This is another in a series of occasional MMWR reports titled CDC Grand Rounds. These reports are based on grand rounds presentations at CDC on high-profile issues in public health science, practice, and policy. Information about CDC Grand Rounds is available at

Cynthia F. Hinton, PhD1; Stephanie E. Griese, MD2; Michael R. Anderson, MD3; Esther Chernak, MD4; Georgina Peacock, MD1; Phoebe G. Thorpe, MD5; Nicole Lurie, MD6

Recent public health emergencies including Hurricane Katrina (2005), the influenza H1N1 pandemic (2009), and the Ebola virus disease outbreak in West Africa (2014–2015) have demonstrated the importance of multiple-level emergency planning and response. An effective response requires integrating coordinated contributions from community-based health care providers, regional health care coalitions, state and local health departments, and federal agency initiatives. This is especially important when planning for the needs of children, who make up 23% of the U.S. population (1) and have unique needs that require unique planning strategies.

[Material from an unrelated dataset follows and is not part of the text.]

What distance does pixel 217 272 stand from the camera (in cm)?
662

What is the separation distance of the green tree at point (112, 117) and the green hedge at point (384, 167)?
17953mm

Across a wide range of chemical, biologic, radiological, and nuclear disasters, children (persons aged <18 years) have special physiologic, developmental, and social needs that must be addressed during public health emergencies (2). For example, school-aged children were disproportionately affected during the H1N1 pandemic, with higher rates of infection and death (3). Children were more likely to develop thyroid cancer than adults after the 1986 Chernobyl nuclear power plant explosion in Ukraine (4). After the 2011 earthquake in Japan, children living near the Fukushima power plant explosion experienced increased psychological problems in addition to concerns about cancer (5). Furthermore, adolescents affected by the 9/11 attacks have been shown to have higher rates of mental health concerns such as anxiety and depression, and young children have experienced increased rates of respiratory ailments (6,7). As a group, children are uniquely vulnerable during public health emergencies and often suffer both acute and long-term effects.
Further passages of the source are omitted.